'''

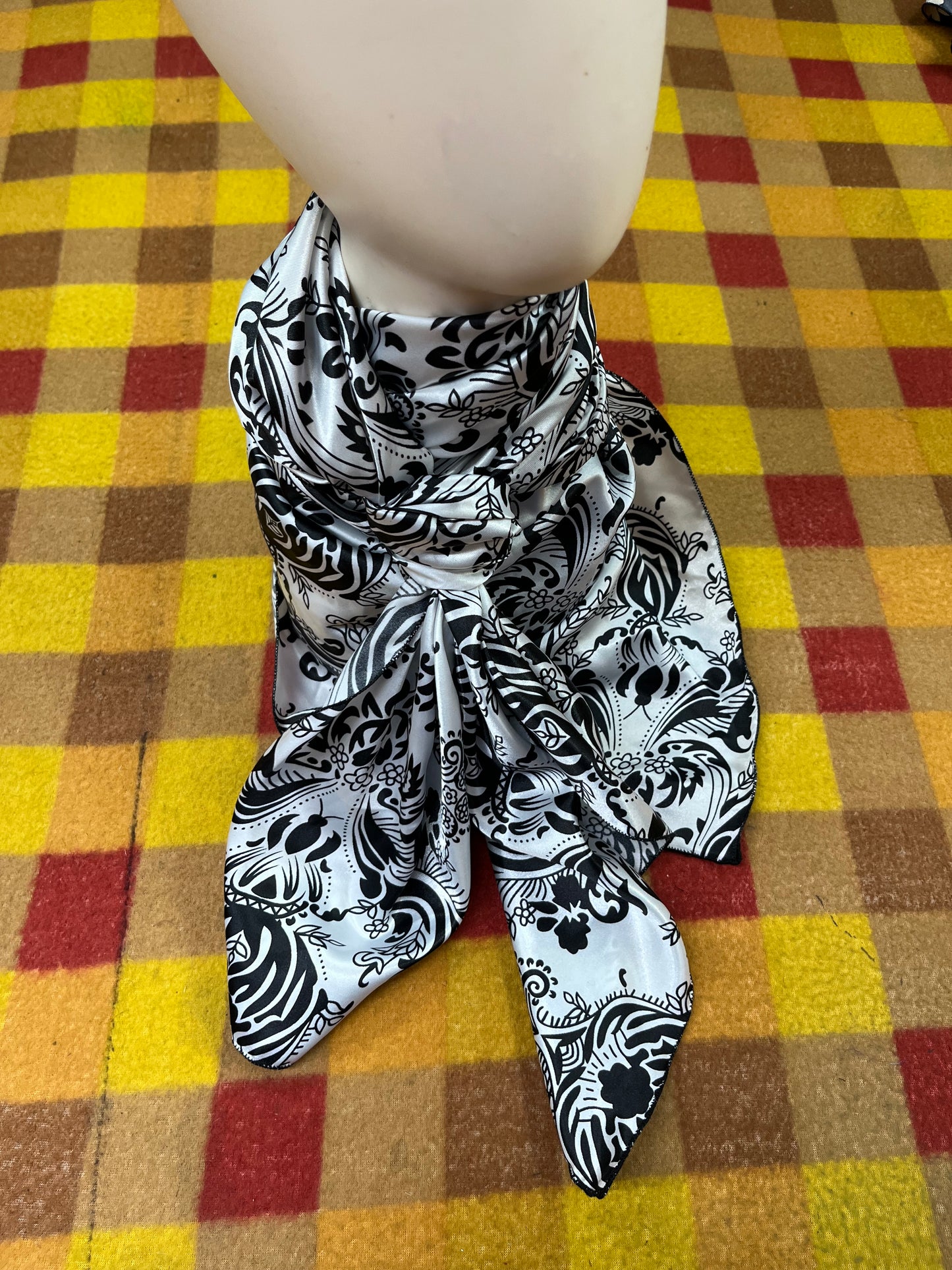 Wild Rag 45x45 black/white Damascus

'''
'''

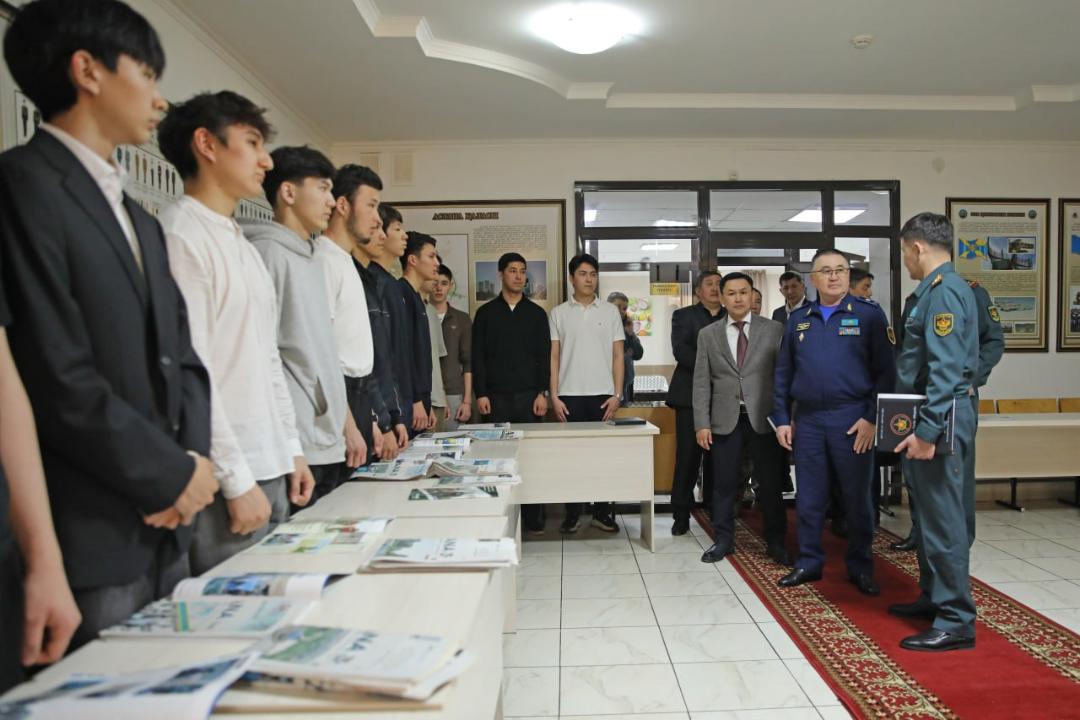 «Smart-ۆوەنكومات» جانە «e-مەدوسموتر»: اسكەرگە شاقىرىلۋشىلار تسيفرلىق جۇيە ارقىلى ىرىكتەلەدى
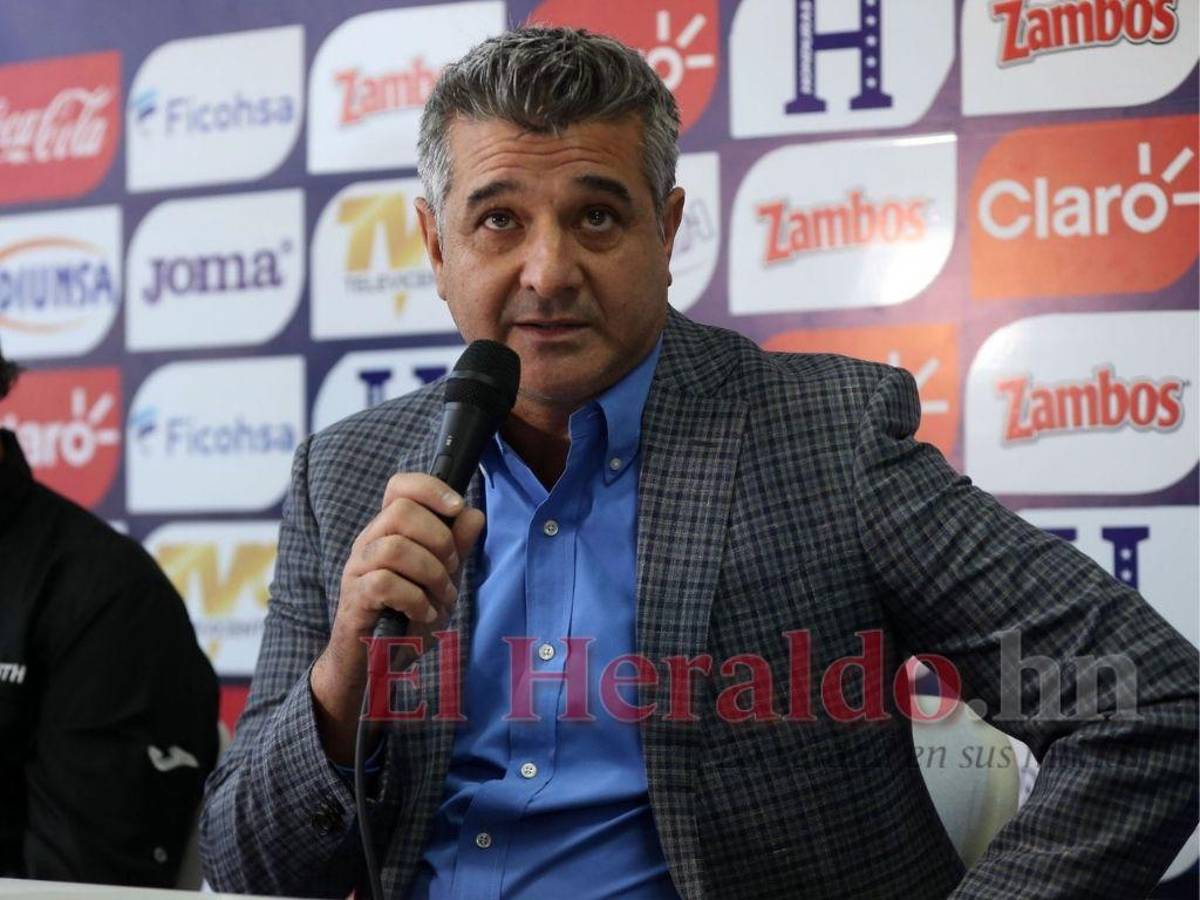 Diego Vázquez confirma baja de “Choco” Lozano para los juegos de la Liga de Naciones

'''
'''

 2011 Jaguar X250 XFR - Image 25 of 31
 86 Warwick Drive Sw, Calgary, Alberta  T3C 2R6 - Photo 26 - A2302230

'''

ASSIGNMENT
From the records above, transcribe only the stretch from the line with "جۇيە ارقىلى ىرىكتەلەدى" through the line with "Diego Vázquez confirma", keeping both ends. Omit pictures.

EXERCISE RESULT
 «Smart-ۆوەنكومات» جانە «e-مەدوسموتر»: اسكەرگە شاقىرىلۋشىلار تسيفرلىق جۇيە ارقىلى ىرىكتەلەدى
 Diego Vázquez confirma baja de “Choco” Lozano para los juegos de la Liga de Naciones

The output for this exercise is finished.